在菏澤,我還愿意去的地方就是新華書店,包括第一次見到開架售書,也是在那里,直接刷新了我的三觀,原來還可以在書店看書,不帶走就不用付錢。要知道之前,曹縣的書店只能隔著玻璃柜臺,盯著一本本小人書的封面,我不舍得挪步,時間長了,把玻璃看出一層熱氣。
有一年暑假,在菏澤新華書店,我見到一個特別的機器,方方正正,外面是白塑料殼,下面有兩個金屬口,像是自來水籠頭,只要把一個金黃色的火炬一樣的東西放在龍頭下,再按一個按鈕,就有奶油一樣的白漿從里面出來。
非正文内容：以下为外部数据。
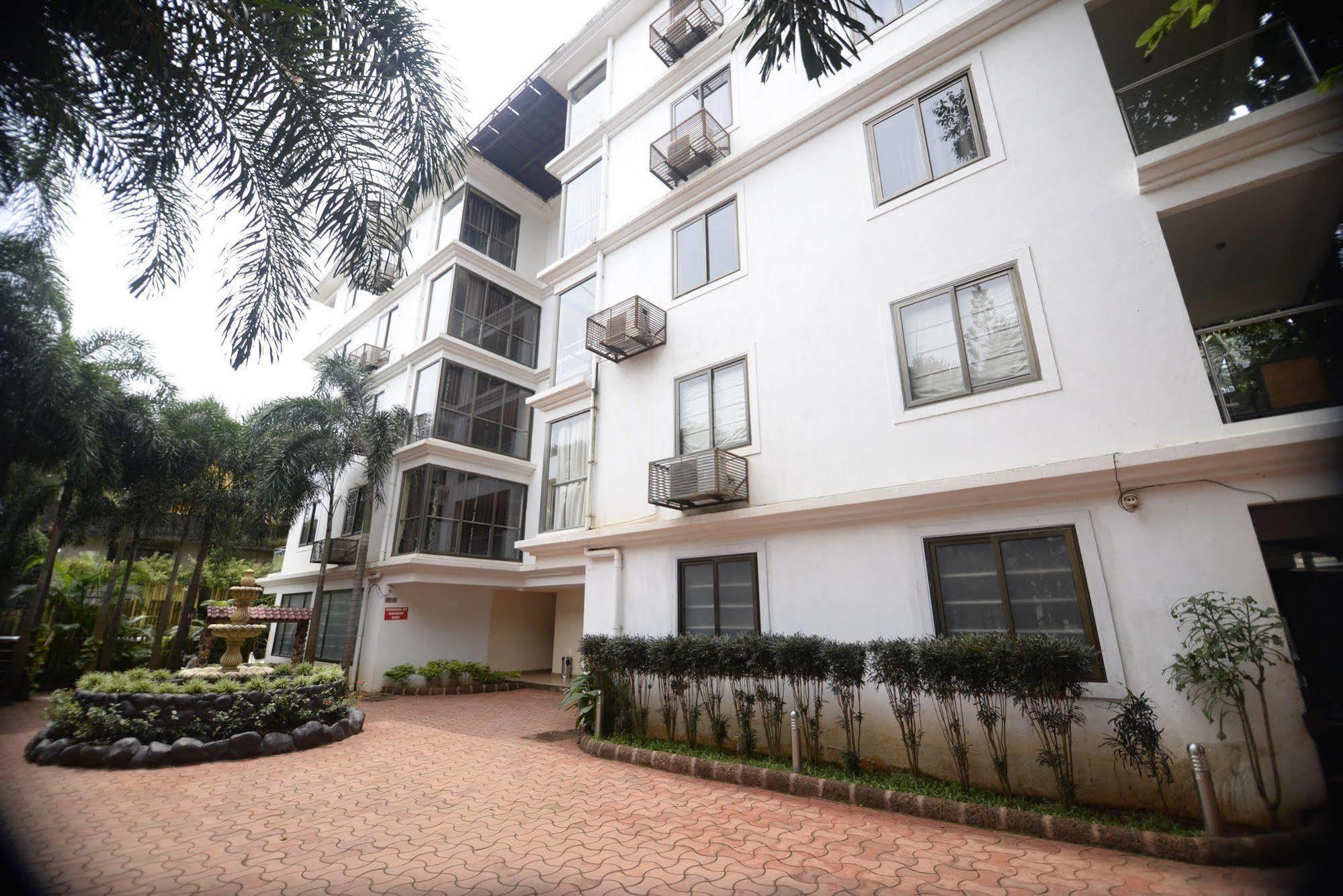 Hotel Sunkissed Plaza à Calangute Extérieur photo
那是我人生中吃到的第一支冰淇淋,已經完全無法描述我吃完之后的感覺,原來,世界上還有這么美妙的食物,比冰糕不知好吃多少倍,比冰磚也好吃多了,難怪,《水滸傳》里有玉麒麟,和冰淇淋一樣無敵。
麒麟撲克也來自菏澤印刷廠,當年有梁山一百單八將的撲克牌,正好兩副,宋江和盧俊義分別是兩副的大王,小王是吳用和公孫勝,那兩副牌的人物畫像非常精美,我不知道打了多少回,以至于很多好漢的花色都記憶深刻,包括活閃婆王定六這樣排名靠后的,正好是“二鼻”,打“跑得快”很管用。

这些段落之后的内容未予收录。